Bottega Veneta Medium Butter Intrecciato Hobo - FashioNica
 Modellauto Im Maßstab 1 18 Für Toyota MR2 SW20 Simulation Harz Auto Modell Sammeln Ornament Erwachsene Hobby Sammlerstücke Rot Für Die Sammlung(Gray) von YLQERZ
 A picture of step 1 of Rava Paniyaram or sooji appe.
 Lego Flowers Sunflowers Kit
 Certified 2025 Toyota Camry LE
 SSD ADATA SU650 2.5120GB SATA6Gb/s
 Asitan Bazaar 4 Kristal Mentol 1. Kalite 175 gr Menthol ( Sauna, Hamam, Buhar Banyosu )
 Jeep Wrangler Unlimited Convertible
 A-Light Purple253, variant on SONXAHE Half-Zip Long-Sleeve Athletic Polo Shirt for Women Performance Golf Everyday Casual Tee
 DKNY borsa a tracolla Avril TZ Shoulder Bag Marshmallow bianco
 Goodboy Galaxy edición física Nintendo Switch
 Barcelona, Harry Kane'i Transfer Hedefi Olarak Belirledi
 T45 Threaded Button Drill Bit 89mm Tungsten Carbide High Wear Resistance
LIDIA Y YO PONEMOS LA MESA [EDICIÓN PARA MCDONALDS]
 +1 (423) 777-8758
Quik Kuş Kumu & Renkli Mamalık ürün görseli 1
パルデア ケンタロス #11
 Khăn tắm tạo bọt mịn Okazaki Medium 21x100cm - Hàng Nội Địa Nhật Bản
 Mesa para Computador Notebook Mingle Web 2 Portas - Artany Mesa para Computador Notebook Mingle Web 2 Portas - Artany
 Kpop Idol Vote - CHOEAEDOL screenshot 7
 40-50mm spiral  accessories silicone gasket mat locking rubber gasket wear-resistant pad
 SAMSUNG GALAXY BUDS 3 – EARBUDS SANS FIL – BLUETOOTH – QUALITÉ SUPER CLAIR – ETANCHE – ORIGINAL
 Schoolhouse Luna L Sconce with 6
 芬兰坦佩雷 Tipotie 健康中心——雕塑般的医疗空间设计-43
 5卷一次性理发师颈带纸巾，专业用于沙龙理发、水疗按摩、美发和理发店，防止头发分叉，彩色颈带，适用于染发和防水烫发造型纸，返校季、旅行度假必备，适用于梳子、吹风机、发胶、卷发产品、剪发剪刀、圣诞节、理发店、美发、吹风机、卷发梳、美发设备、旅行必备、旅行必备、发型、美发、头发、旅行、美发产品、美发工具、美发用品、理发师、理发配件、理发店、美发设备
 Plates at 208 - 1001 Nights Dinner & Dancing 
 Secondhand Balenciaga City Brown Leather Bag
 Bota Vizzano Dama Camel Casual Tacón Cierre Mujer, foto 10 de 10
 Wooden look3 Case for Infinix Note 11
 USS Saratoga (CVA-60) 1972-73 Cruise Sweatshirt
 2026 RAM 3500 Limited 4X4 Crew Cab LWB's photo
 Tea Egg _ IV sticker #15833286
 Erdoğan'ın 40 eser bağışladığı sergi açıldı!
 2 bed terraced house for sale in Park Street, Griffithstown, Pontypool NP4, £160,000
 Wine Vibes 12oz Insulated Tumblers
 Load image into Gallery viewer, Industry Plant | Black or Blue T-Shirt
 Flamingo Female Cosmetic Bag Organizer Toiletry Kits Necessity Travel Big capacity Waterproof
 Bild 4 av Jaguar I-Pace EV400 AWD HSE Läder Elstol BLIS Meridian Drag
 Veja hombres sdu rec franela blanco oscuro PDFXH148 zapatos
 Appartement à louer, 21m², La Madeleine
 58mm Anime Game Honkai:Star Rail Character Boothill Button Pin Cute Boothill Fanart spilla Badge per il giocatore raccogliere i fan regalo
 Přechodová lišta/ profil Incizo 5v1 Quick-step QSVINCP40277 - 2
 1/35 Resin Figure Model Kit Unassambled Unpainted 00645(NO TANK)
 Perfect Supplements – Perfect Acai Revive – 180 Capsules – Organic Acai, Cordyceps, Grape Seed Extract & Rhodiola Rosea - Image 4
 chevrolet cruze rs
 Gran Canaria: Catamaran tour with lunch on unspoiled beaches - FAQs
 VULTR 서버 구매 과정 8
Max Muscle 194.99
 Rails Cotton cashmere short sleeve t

#### What to work on
Look through the material above and print exactly the lines from the one containing "SSD ADATA SU650 2.5120GB SATA6Gb/s" to the one containing "Barcelona, Harry Kane'i", both included, and nothing more.

#### Solved problem
 SSD ADATA SU650 2.5120GB SATA6Gb/s
 Asitan Bazaar 4 Kristal Mentol 1. Kalite 175 gr Menthol ( Sauna, Hamam, Buhar Banyosu )
 Jeep Wrangler Unlimited Convertible
 A-Light Purple253, variant on SONXAHE Half-Zip Long-Sleeve Athletic Polo Shirt for Women Performance Golf Everyday Casual Tee
 DKNY borsa a tracolla Avril TZ Shoulder Bag Marshmallow bianco
 Goodboy Galaxy edición física Nintendo Switch
 Barcelona, Harry Kane'i Transfer Hedefi Olarak Belirledi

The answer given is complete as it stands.